Classification of soil types by profile

• Different soil types have distinct profiles, reflecting the climate, vegetation, and biome in which they are found:

  • Brown earth soils:

    • Common in temperate deciduous forests

    • These soils are fertile with nutrient-rich upper layers, supporting diverse plant growth

  • Oxisols:

    • Found in tropical rainforests

    • These soils have deep, red-coloured profiles rich in iron and aluminium, formed through intense weathering and significant nutrient leaching

  • Podzols:

    • Associated with coniferous forests

    • These soils are acidic with lighter layers, as nutrients are heavily leached out, leading to reduced fertility

  • Aridisols:

    • Common in desert biomes

    • These soils contain minimal organic material, with shallow profiles and limited nutrients, often sandy or rocky in texture

Soil horizons

• Soil profiles are made up of different horizons (layers)
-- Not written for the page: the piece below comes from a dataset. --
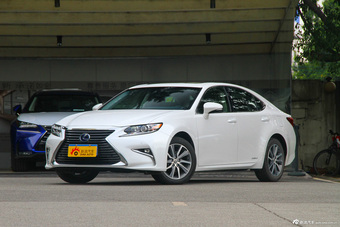 2015款雷克萨斯ES 2.5L自动300h舒适版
• Over a long period of time, interactions and processes within the soil system produce these horizons

• Soil profile diagrams provide a visual representation of the horizons present in a soil system

  • There are six horizons

O horizon

• The uppermost layer is the O horizon, also known as the organic horizon

• It is composed mainly of organic matter such as leaf litter, decaying plant material and organic debris

• Dark in colour due to high organic content

• It is rich in nutrients

• It serves as a site for nutrient cycling and organic material decomposition

• Provides nutrients for plant growth and habitat for microorganisms

• Easily eroded by wind and water, especially in disturbed areas such as farmland

A horizon

• The A horizon, also called the topsoil or mixed layer

• It is a mixed mineral and organic horizon

• Also dark in colour due to the accumulation of organic matter

• Essential for plant growth as it contains high levels of organic material, microorganisms, and nutrients

• It provides a favourable environment for root development

• Intensive farming can deplete or remove this layer, increasing the need for fertilisers to maintain soil fertility

E horizon

• The E horizon, also known as the eluvial or leached horizon

• Due to the downward movement of water, it is characterised by the leaching or removal of minerals and nutrients

• It often appears lighter in colour than the surrounding horizons

B horizon

• The B horizon, also called the illuvial or deposited horizon (sometimes called subsoil or mineral soil)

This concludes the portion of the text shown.